PROVIDED MATERIAL:
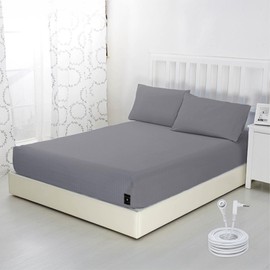 Grounding Sheets Twin Grounding Fitted Sheet Deep Pocket 90% Cotton 10% Silver Fiber Grounded Sheets Earth Connected Bed Sheet (39"*75"*14",Grey) (Twin XL)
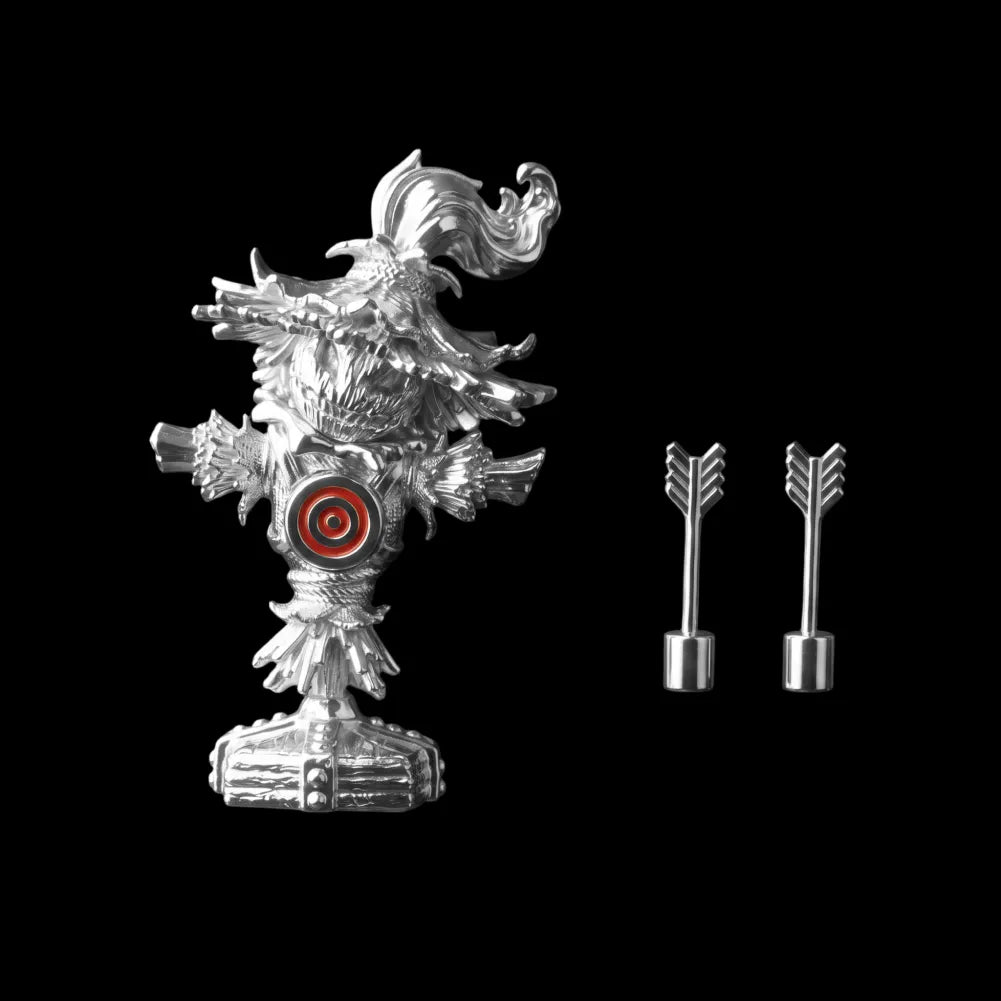Silver-tone Scarecrow Training Dummy with cinnabar target and two arrows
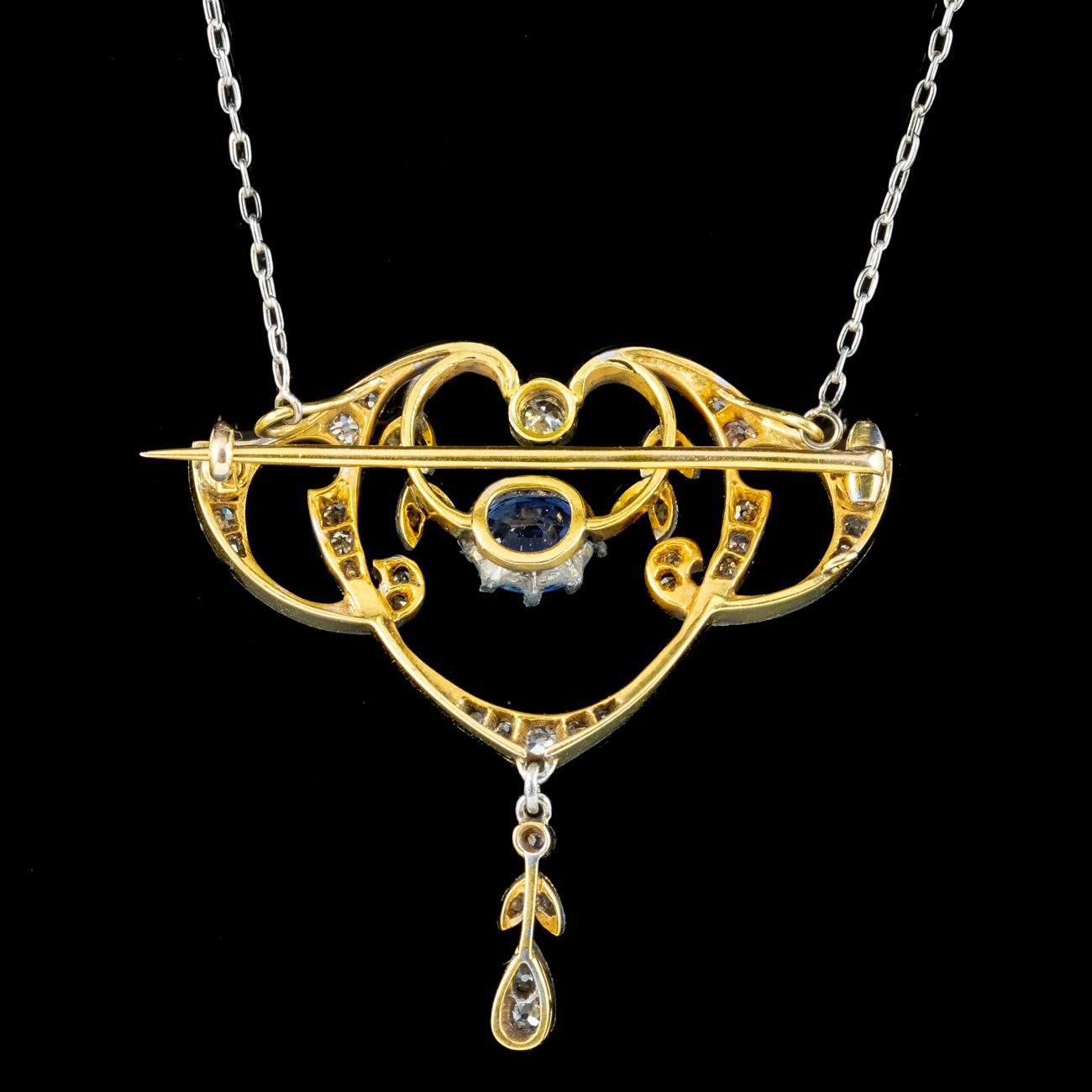 Antique Edwardian Ceylon Sapphire Diamond Lavaliere Pendant Necklace With Cert In Good Condition For Sale In Kendal, GB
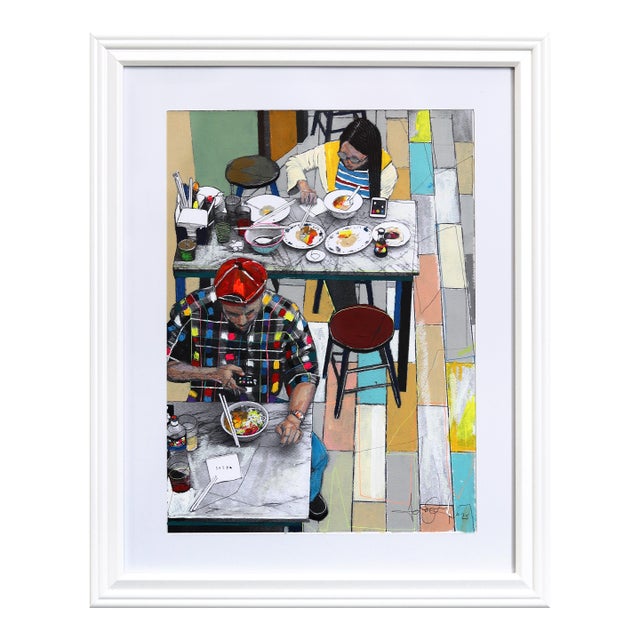 Soft Evening San Francisco - Colorful Figurative Mixed Media Original Artwork by Fabio Coruzzi For Sale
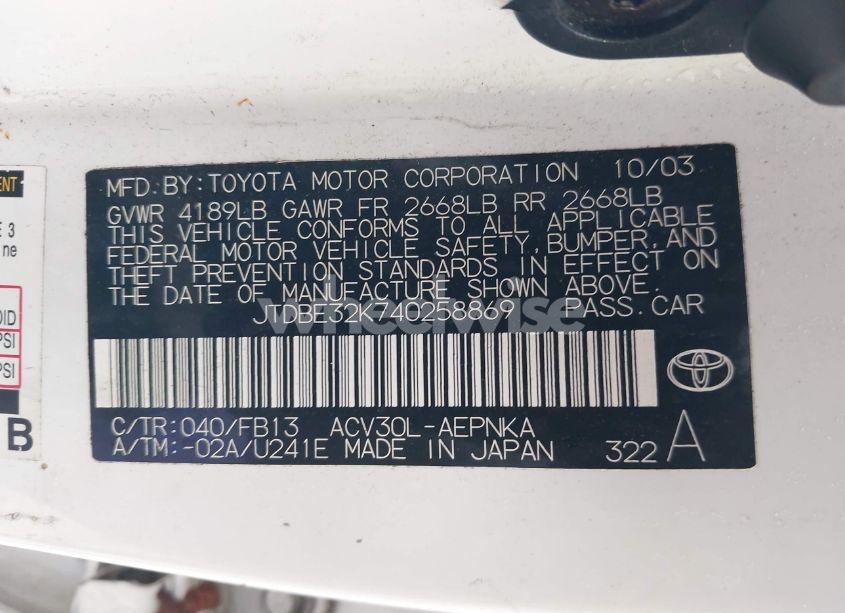 Photo 9 of 2004 Toyota Camry LE/SE/STD/XLE (VIN JTDBE32K740258869)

YOUR ASSIGNMENT:
Reproduce the listing word for word and omit its pictures.

TASK ANSWER:
 Grounding Sheets Twin Grounding Fitted Sheet Deep Pocket 90% Cotton 10% Silver Fiber Grounded Sheets Earth Connected Bed Sheet (39"*75"*14",Grey) (Twin XL)
Silver-tone Scarecrow Training Dummy with cinnabar target and two arrows
 Antique Edwardian Ceylon Sapphire Diamond Lavaliere Pendant Necklace With Cert In Good Condition For Sale In Kendal, GB
 Soft Evening San Francisco - Colorful Figurative Mixed Media Original Artwork by Fabio Coruzzi For Sale
 Photo 9 of 2004 Toyota Camry LE/SE/STD/XLE (VIN JTDBE32K740258869)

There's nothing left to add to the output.